Hello,
I am using python 3.10.13 and pytorch 2.2.2+cu121
I updated a small part of my network and basically changed a MLP with a multi head attention, my input is of shape (Batch, Channel, Sequence_length, Embedding_dim). To do so I had to add 2 Convolutional layer, 1 at the entrance of the Attention layer to collapse the channel dimension into 1 (B, C, S, E) → (B, 1, S, E) → (B, S, E) and a last one to recreate the channel dimension and continue with the rest of the model (B, S, E) → (B, 1, S, E) → (B, C, S, E)
My issue is I noticed a huge slowdown of the network (no matter if gpu/cpu/multi-gpu). On a GPU, an epoch used to take a minute and now takes 40 minutes.
I found out the forward pass is still taking the same amount of the time but the backward pass became 10x slower than the forward instead of 1-2x slower as before.

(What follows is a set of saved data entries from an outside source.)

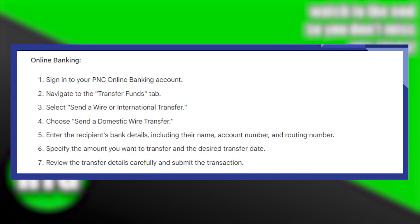First of all, you need to sign in to your PNC online banking account. Then you need to navigate to the transfer funds tab.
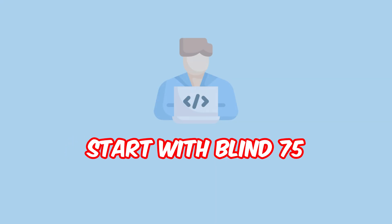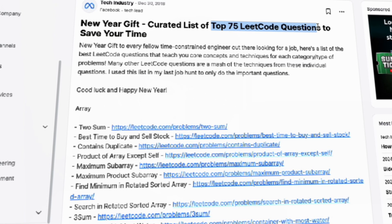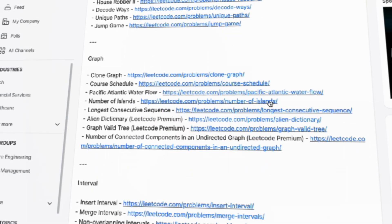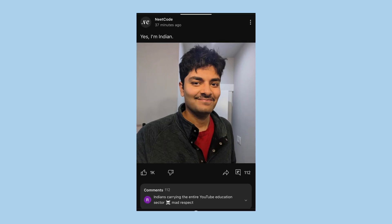The answer is Blind 75. The list consists of 75 LeetCode questions that will cover the majority of topics in a real coding interview. You can find the solutions to these problems for free on YouTube as well. There's a YouTuber named NeetCode.io who makes YouTube videos solving these problems step by step, and I really like the way they explain the problems — it's very easy to understand. I will leave a link to the resources in the description, so feel free to check it out.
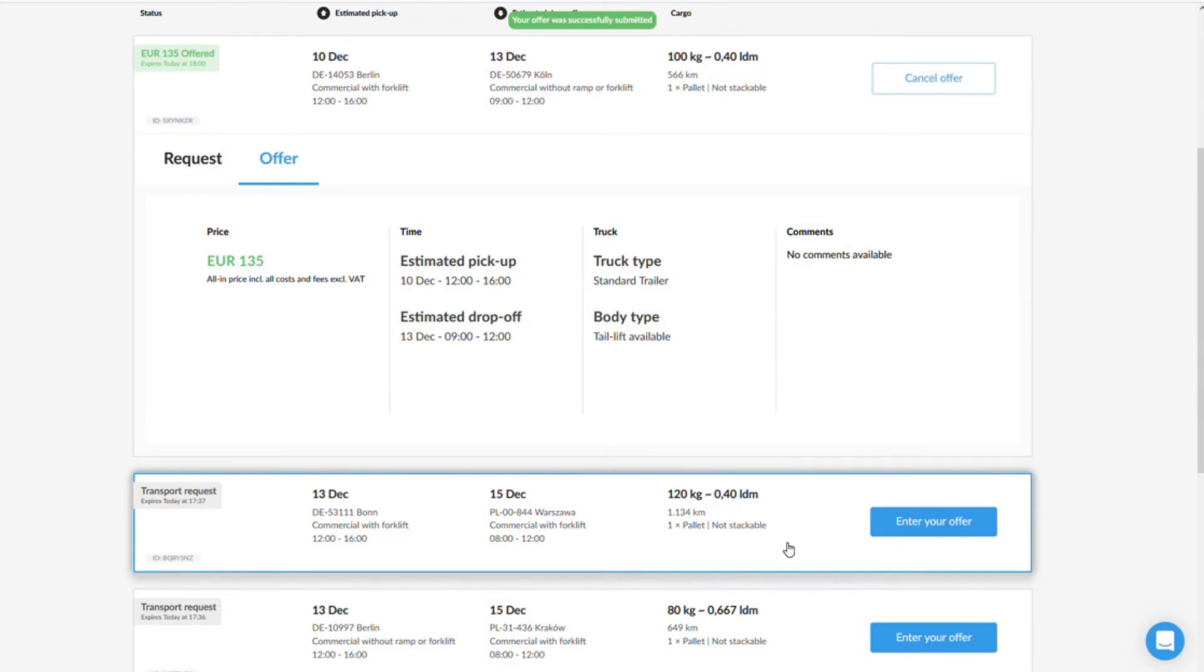You can find out how the transport order works and which tasks you have to perform in our tutorial, execute order.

After manually evulating the Conv2D and attention layer I noticed the Conv2D were incredibly much slower despite their much less number of parameters (less than a hundred vs millions for the attention layer)

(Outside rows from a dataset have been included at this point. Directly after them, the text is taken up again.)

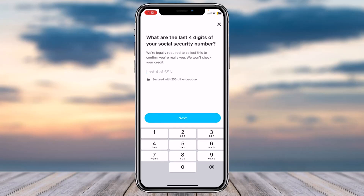Once you've entered the last four digits of your SSN and tapped 'Next', you'll have successfully verified your Cash App profile and Bitcoin access. You will now be able to trade Bitcoin on your Cash App. That was it for this video — hope this was helpful!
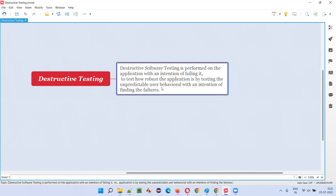Even when the quality of the application is very good, software testers still need to find some extra defects by going to extreme levels to see how robust the application is. The intention is to break the application using scenarios which users generally don't follow — some unexpected user behavior — testing very fast, going here and there, or repeatedly doing some action.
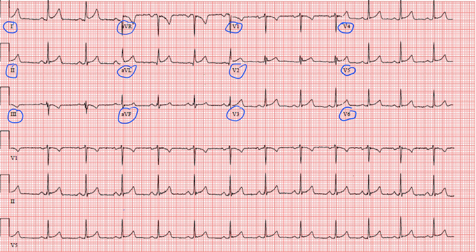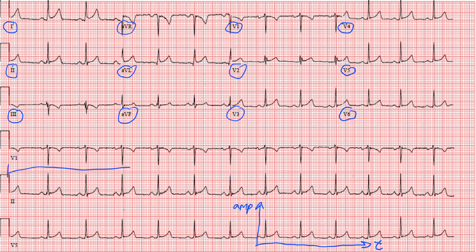When looking at a 12-lead EKG, it's easiest to think of the x-axis — so horizontally — as a measure of time. And vertically, this is a measure of amplitude. A typical 12-lead EKG records over 10 seconds, so from the start to the very end is 10 seconds.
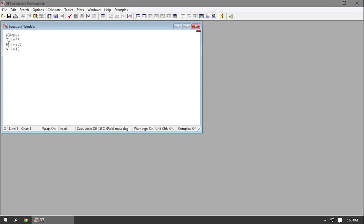Note that I'm using a subscript 1 here, and that's just for my own personal meticulousness. I would prefer to refer to these properties as a state point, as opposed to just T.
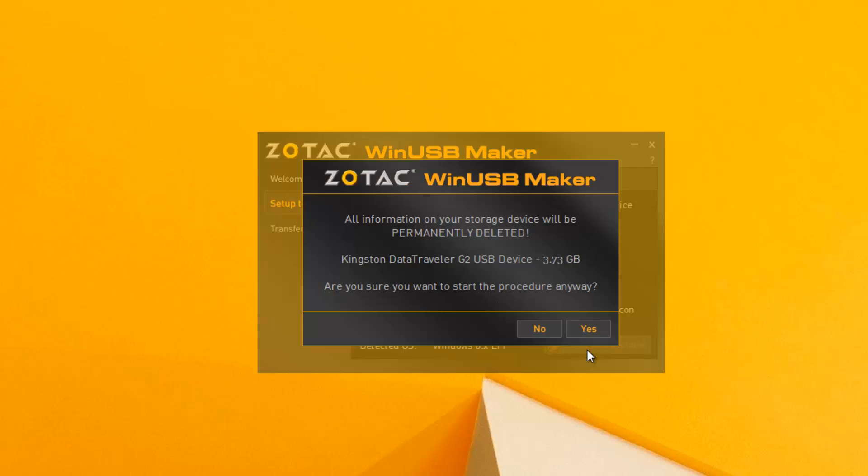Now we have the process. You can see the Make Bootable USB button here. When you click here, it will say all information on the storage device will be permanently deleted. Are you sure to start the procedure anyway? Make sure you have taken a backup of all the data on your USB drive since it will be formatted and you will not be able to recover data. This drive will be overwritten by the Windows installation files. Now when you click the Yes button, it will start the process.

To get the numbers below I just created the layers and used random inputs and outputs to do the forward pass and to compute a dummy loss for the backward pass.

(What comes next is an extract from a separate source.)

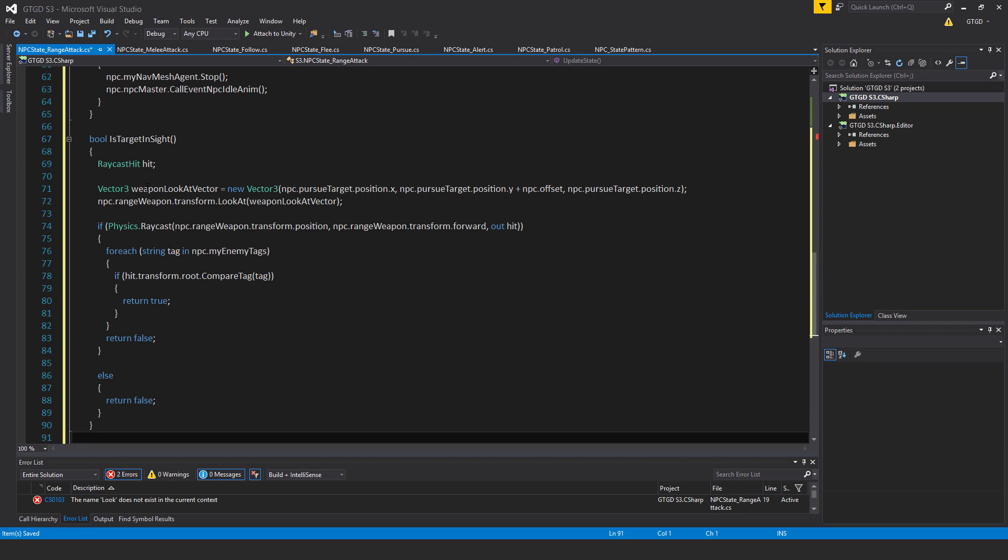So what I do is, first of all, rayCastHit, then vector3, weaponLookAtVector is equal to new vector3 npc.pursueTarget.position.x, npc.pursueTarget.position.y, plus npc.offset, npc.pursueTarget.position.z.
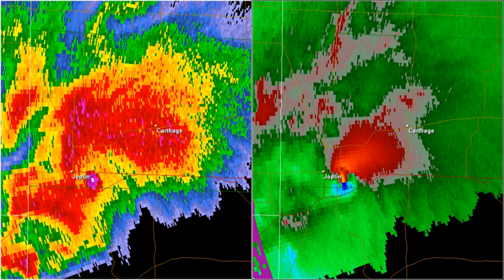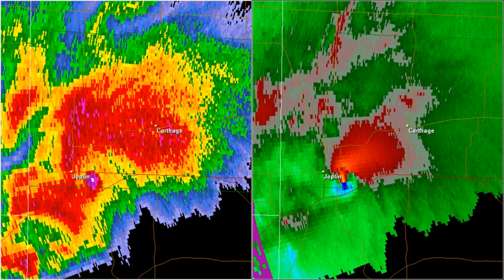A tornadic debris signature, or TDS, often colloquially referred to as a debris ball, is an area of high reflectivity on weather radar caused by debris lofting into the air, usually associated with a tornado. A TDS may also be indicated by dual polarization radar products, designated as a polarimetric tornado debris signature, or PTDS. Polarimetric radar can discern meteorological and non-meteorological hydrometeors, and the co-location of a PTDS with the enhanced reflectivity of a debris ball are used by meteorologists as confirmation that a tornado is occurring.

On CPU, the Conv2D at the entrance (C → 1) takes ~0.004 ms forward pass and takes ~0.040 backward pass so the backward pass is 10x times slower. The CNN at the exit (1 → C) takes ~0.05 ms forward pass and ~0.10 ms backward pass so backward pass is 2 times slower (which is normal) but both forward and backward are very slow and should have been in the order of ~0.001ms ?
The attention layer takes as an input shape (S, E) and both forward/backward pass is ~0.03ms
Both Conv2D don’t even have more than 100 parameters so why does it takes so much time to forward/backward those layers than it takes to forward/backward an attention layer or a mlp with millions of parameters ?
Best